Caliph was brokenhearted at the sight of his friend. It was true. At a word, the coop would open, his friend emerge, ready to be nurtured back to health. The bruises would fade, the swelling subside. All could be forgiven. All mended. A second chance seemed an easy thing to grant.

“Caph?”

“What did you do?” Caliph whispered without looking up.

“Caph.” David’s voice was pleading. “I . . . I don’t know. I messed up. I already told them everything. The jury said I’m . . .” An additional question, unarticulated but understood, issued through the bars. Aren’t you here to save me?

Caliph couldn’t look at him.

“Gods Dave, look what you’ve done! Did you have it all planned? That first day? The day I met you and Sig in the castle?”

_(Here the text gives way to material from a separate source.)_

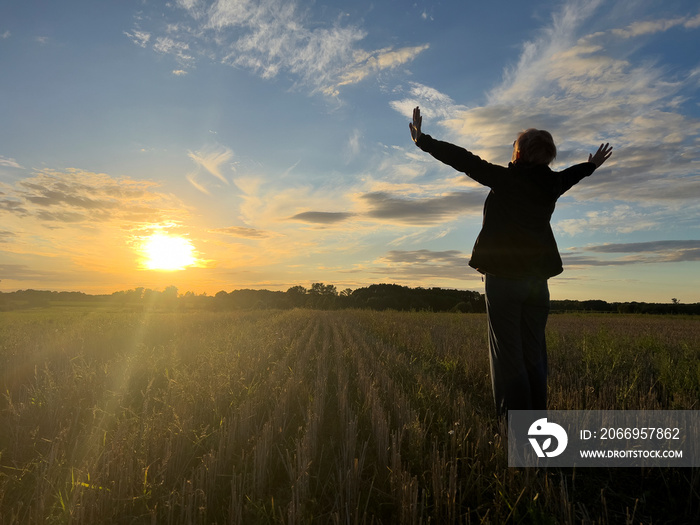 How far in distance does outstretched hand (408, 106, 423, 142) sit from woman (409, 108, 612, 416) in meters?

“Mizraim, Emolus, fuck no! I didn’t know. I didn’t have a clue. It’s like I told them, Caph. I’m a sleeper. I’m a crawler, a nobody. This tattoo doesn’t mean shit . . . most of the time.”

Caliph looked up and saw David pat his stomach. His eyes were red where they weren’t black. They gushed an unremitting effusion of sticky tears.

“Show it to me.”

David lifted his shirt. An ugly little curlicue of ink flared above his navel, utterly nigrescent in the poor lamplight. Caliph had not been told about this.

“What does it mean?”

“Mean? Caph. What it means is that I’m branded. I was branded when I was twelve. How could I possibly have made a choice like that when I was twelve? How could I have known then that it would come to this? I’m a sleeper. Expendable as toilet paper. One use and pull the chain! I don’t even know enough information to keep from being tortured.”

“Who did it to you?”

David’s voice filled with hope. “I don’t know his name. Some guy, tall, pale face, really messed-up teeth. Crazy as a shithouse rat. I think he broke my ribs, Caph.”

“I mean the tattoo. Who gave it to you?”